→ **Task material**:
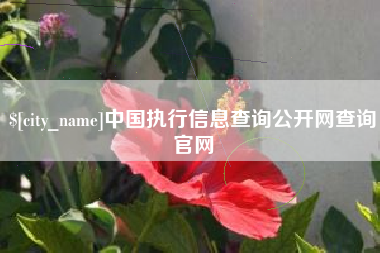 高唐中国执行信息查询公开网查询官网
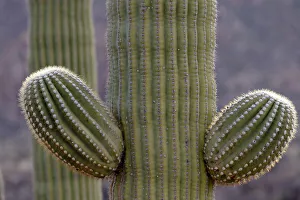 Images Dated 4th June 2021: USA, Arizona, Catalina State Park, saguaro cactus, Carnegiea gigantea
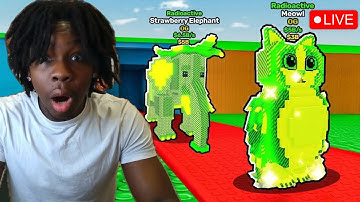 🔴 STEAL A BRAINROT GIVEAWAY, PVP , UPDATE, TRADING, ADMIN ABUSE ROBLOX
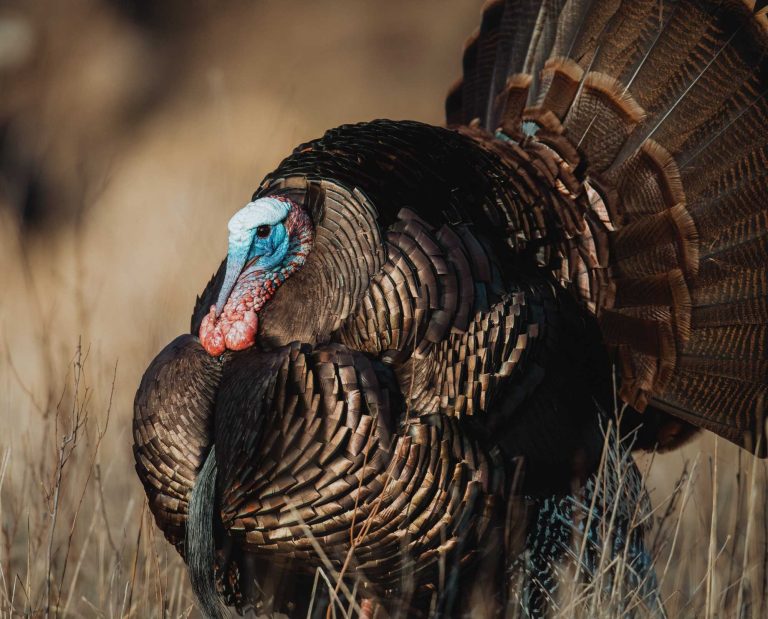 A Eastern wild turkey tom strutting in a field.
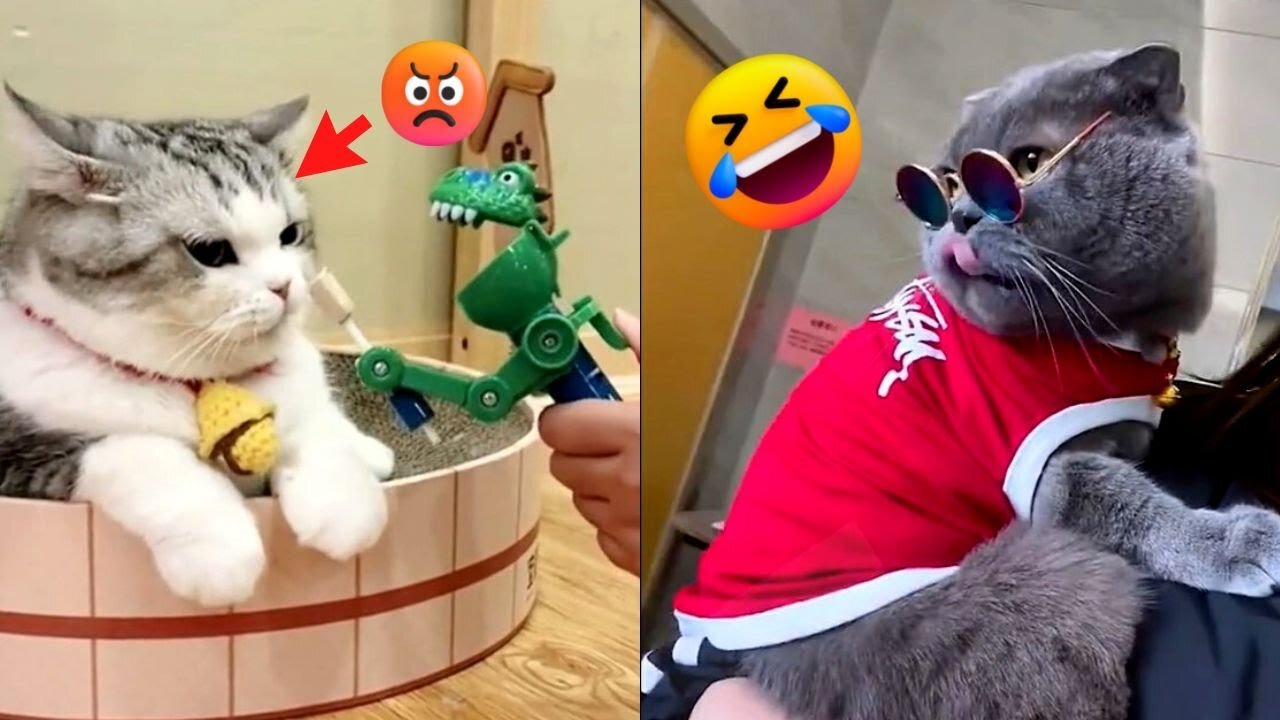 Funny videos funny animals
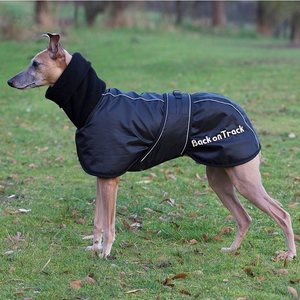 Back on Track takki isommille whippeteille, koot 53-65cm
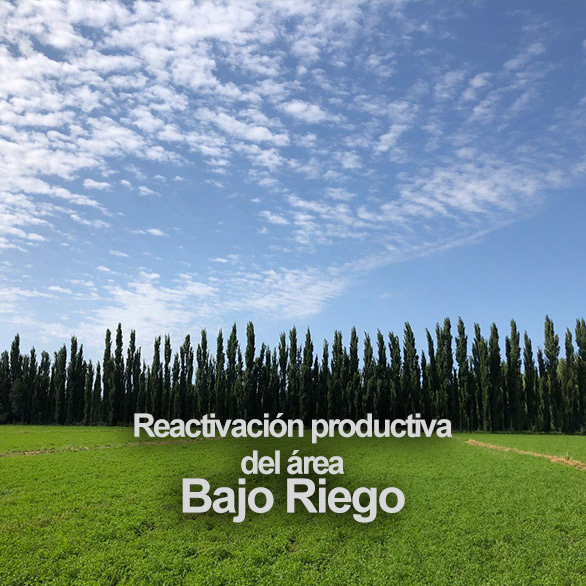Img: REACTIVACION PRODUCTIVA DEL AREA BAJO RIEGO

→ **What to do**: Output a verbatim copy of the lines from the line containing "Funny videos funny animals" through the end of the data, both included, without any images.

→ **Answer to this exercise**:
 Funny videos funny animals
 Back on Track takki isommille whippeteille, koot 53-65cm
Img: REACTIVACION PRODUCTIVA DEL AREA BAJO RIEGO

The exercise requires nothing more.